Is it possible that everyone is a pseudo-winner in a tournament with 25 people? Is it possible, that everyone is a pseudo-winner in a tournament with 25 people?
(pseudo-winner means that either he won against everyone, or if he lost against someone, then he beated someone else, who beated the one who he lost to).
In the "language" of graph theory: Is it possible in the directed K(25) (all edges drawn with 25 vertices), that from all vertices, every vertices can be reached with a maximum of 2-long route.
I thought about this, and my answer is no. I tried to do the proving, starting with K(3), which is a triangle. Triangle works, but I don't know how to continue this until 25 vertices.
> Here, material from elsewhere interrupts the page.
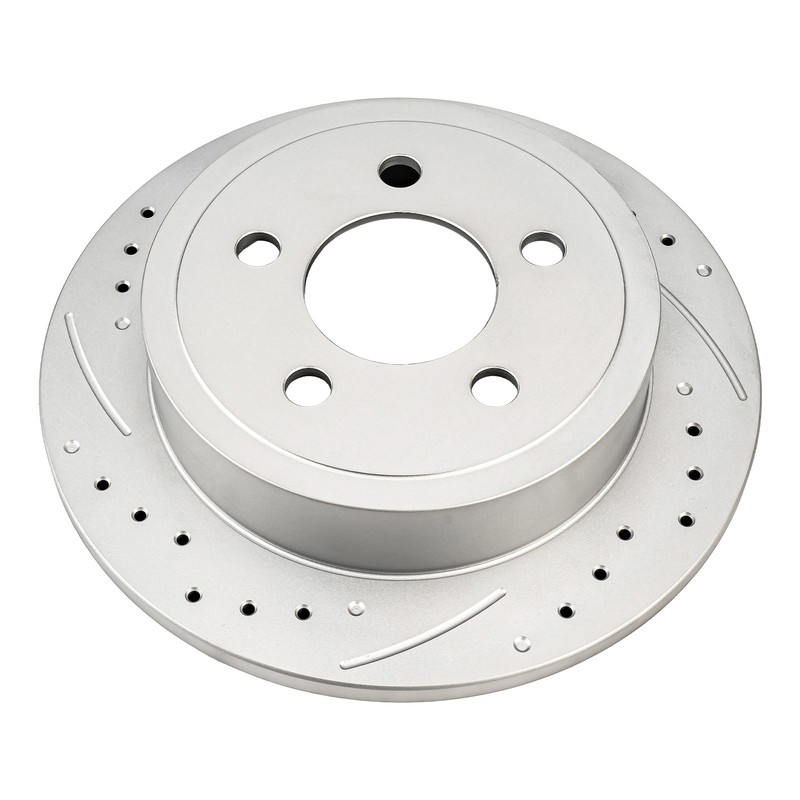 Rear Drilled Slotted Rotors Fits 2003-2007 Jeep Liberty 2003-2006 Wrangler 2PC gallery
Maybe any easier solutions?
Thanks!
 A: We can prove that this is possible for any odd integer $2n+1$ by induction. 
For $n=1$ it is possible. 
If it is possible for $n\ge 1$ Let $G$ have $2(n+1)+1$ vertices. Let $u,v$ be some $2$ vertices and the others are $v_1,v_2,...,v_m$ where $m=2n+1$ Connect $v_1,...,v_m$ by induction. so that from ever vertex there is path of length at most $2$ to any other. Now draw directed edges from $u->v_i$ and $v_i->v$ for $i=1,...,m$ and $v->u$. This graph has all pseudo-winners and has $2(n+1)+1$ vertices thus induction is complete. 
Thus for $25$ it is possible aswell.
A: There are Steiner triple systems of order $25 \equiv 1 \pmod 6$.  If we take one, and replace each undirected $3$-cycle with a (coherent) directed $3$-cycle, we get a everyone's a pseudo-winner tournament.
A: The answer is a well-known graph generalizing a classical 3-vertex construction:

To see that RPS-25 satisfies the conditions, it's enough to check that each shape beats exactly $12$ others. As a result, if shape $A$ loses to shape $B$, then among the $12$ shapes that shape $A$ beats, at most $11$ can lose to shape $B$: so there must be a shape $C$ that beats $B$ and loses to $A$.
(And so it's easy to find other examples, for any odd $n$: just take any regular tournament.)